Now no Sin City image would be complete without some comic book type text, right? Okay, before I show you how to add that in, you need to make sure that you have an appropriate font installed. There are some great free fonts available all over the internet, but one of my personal favorites is from the guys over at blambot.com. If you haven’t already, jump on over there and pick up their WebLetterer font (it’s completely free). Once you’ve downloaded and installed that, come back here and I’ll show you how to put it to good use.
Making comic book text is probably one of the easiest things you will ever do in Photoshop. Go to your Text tool, select the WebLetterer font at about 18pt size, make sure the color is set to black, and start typing out your text. This will create a new layer with your text on it. Now create another layer beneath the text layer and using the rectangular marquee tool, draw a rectangle around your text. Next go to Edit->Stroke and choose an appropriate width (I find 3 pixels works well with images this size), choose black for the color, and Inside for the Location. Then grab the Paint Bucket tool, set your foreground color to white, and click in the box you just created. Done! This is what we end up with:
If you want, for a different look, you could even skip the box step and just type your text in white for a different kind of feel. In either case, get ready because we’re almost there.
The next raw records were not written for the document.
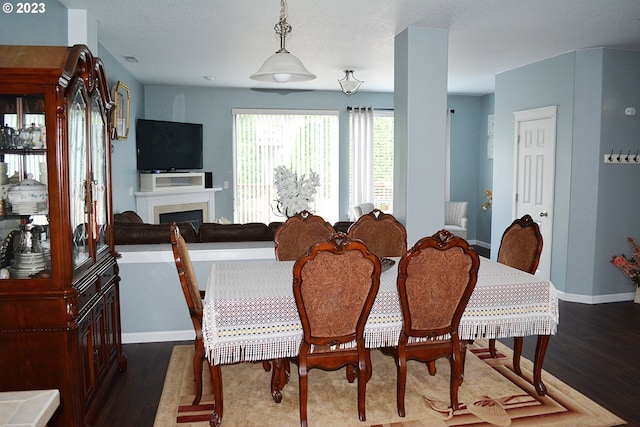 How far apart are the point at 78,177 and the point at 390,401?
2.21m

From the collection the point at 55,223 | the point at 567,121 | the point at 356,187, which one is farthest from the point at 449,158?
the point at 55,223

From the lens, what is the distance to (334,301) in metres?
2.66

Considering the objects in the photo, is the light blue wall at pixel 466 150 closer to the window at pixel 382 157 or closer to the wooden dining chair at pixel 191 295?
the window at pixel 382 157

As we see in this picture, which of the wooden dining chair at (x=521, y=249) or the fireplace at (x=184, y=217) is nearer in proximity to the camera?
the wooden dining chair at (x=521, y=249)

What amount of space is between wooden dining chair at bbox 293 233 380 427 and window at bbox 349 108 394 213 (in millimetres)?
6042

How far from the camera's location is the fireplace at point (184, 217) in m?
7.33

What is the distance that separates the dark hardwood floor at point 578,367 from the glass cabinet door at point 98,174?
0.95 m

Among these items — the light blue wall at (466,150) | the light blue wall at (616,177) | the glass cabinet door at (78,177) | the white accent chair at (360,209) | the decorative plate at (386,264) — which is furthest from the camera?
the light blue wall at (466,150)

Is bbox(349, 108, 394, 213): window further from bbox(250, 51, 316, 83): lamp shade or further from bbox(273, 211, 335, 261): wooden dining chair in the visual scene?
bbox(250, 51, 316, 83): lamp shade

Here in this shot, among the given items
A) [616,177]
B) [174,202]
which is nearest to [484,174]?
Answer: [616,177]

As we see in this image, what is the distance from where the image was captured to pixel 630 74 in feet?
18.0

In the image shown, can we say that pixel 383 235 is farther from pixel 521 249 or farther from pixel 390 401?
pixel 390 401

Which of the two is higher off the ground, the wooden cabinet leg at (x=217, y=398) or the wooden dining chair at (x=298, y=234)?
the wooden dining chair at (x=298, y=234)

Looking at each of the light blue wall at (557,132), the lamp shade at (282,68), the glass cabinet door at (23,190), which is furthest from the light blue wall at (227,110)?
the glass cabinet door at (23,190) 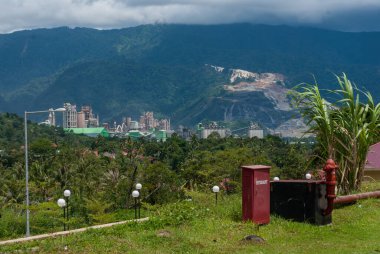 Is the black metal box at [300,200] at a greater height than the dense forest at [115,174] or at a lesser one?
greater

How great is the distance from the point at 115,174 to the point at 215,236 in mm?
28875

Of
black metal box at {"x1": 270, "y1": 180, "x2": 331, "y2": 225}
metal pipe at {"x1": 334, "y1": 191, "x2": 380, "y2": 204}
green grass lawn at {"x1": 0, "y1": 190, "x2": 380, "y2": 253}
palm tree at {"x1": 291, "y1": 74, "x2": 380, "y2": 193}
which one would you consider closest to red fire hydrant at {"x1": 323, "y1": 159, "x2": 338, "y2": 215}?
black metal box at {"x1": 270, "y1": 180, "x2": 331, "y2": 225}

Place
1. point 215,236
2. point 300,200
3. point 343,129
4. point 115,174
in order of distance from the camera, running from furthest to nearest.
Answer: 1. point 115,174
2. point 343,129
3. point 300,200
4. point 215,236

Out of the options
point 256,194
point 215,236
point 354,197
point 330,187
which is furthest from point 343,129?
point 215,236

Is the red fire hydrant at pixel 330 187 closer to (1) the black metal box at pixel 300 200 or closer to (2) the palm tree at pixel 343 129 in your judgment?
(1) the black metal box at pixel 300 200

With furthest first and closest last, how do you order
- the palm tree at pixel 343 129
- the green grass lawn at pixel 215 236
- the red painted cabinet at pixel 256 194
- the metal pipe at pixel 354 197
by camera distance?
1. the palm tree at pixel 343 129
2. the metal pipe at pixel 354 197
3. the red painted cabinet at pixel 256 194
4. the green grass lawn at pixel 215 236

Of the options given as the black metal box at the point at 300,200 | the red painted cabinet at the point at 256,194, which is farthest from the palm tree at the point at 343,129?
the red painted cabinet at the point at 256,194

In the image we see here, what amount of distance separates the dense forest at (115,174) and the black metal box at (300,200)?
105 inches

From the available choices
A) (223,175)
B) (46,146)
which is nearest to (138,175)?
(223,175)

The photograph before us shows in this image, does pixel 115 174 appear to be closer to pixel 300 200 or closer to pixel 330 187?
pixel 300 200

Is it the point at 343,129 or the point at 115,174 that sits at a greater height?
the point at 343,129

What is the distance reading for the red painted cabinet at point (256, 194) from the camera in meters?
8.88

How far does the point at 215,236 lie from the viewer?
8258 mm

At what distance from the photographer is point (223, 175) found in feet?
99.2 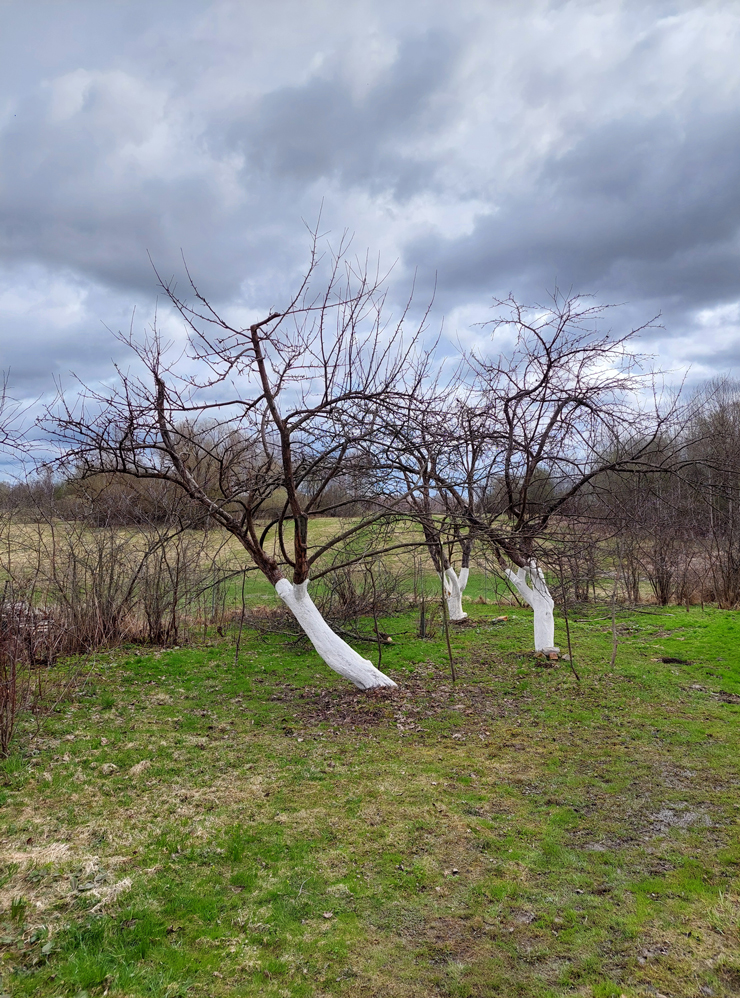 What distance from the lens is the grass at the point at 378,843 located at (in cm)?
274

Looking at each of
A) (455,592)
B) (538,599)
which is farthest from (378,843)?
(455,592)

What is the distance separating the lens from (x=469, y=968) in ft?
9.00

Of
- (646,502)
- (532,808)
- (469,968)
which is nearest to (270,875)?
(469,968)

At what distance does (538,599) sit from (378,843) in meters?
5.02

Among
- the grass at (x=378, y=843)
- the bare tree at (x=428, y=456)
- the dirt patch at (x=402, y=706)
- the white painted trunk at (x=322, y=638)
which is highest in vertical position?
the bare tree at (x=428, y=456)

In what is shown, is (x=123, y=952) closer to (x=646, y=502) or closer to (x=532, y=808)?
(x=532, y=808)

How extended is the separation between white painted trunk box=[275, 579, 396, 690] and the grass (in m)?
0.27

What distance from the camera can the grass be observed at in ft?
9.00

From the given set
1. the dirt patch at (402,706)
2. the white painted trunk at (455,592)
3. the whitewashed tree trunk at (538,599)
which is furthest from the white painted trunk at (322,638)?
the white painted trunk at (455,592)

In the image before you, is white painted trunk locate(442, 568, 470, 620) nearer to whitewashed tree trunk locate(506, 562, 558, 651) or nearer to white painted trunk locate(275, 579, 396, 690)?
whitewashed tree trunk locate(506, 562, 558, 651)

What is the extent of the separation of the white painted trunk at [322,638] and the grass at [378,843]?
27 centimetres

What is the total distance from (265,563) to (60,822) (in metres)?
3.24

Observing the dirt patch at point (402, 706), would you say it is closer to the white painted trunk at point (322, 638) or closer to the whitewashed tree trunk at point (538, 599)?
the white painted trunk at point (322, 638)

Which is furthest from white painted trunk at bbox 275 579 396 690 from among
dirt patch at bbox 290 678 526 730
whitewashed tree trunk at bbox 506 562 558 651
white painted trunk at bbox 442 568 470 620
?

The next thing we’re going to do is add a frame around the image. Create a new blank layer above all the other layers. Now take your Brush tool and using the Rough Ink brush with the color set to white and the size around 39 pixels, draw in a border around the entire frame of the picture. This is just to give it a bit of a painted feel, more like the graphic novel that it came from. If you find that you’re can’t keep your edges straight, don’t worry. For this kind of image, it actually looks better if the edges are a bit rough. You should have something that looks like this when you’re done:
The last step is to add in the Sin City logo. Just open it, make sure you’re in RGB image mode (Image->Mode->RGB, then go to Select->Color Range and click on any of the black area. Click OK and this will have selected all of the black in the image. Hit delete to get rid of it, and then just copy and paste it into the image. I like to use the Free Transform tool to put it on an angle as well. That’s it, we’re done! This is the final product:
At this point you could tweak the levels a bit to bring out the blacks a little more, but that’s really all there is to it. I hope you enjoyed this tutorial. I know it was a long one, but hopefully after reading this, you can now say that you know how to create a cool photo montage and add a Sin City effect to your images. Thanks for reading!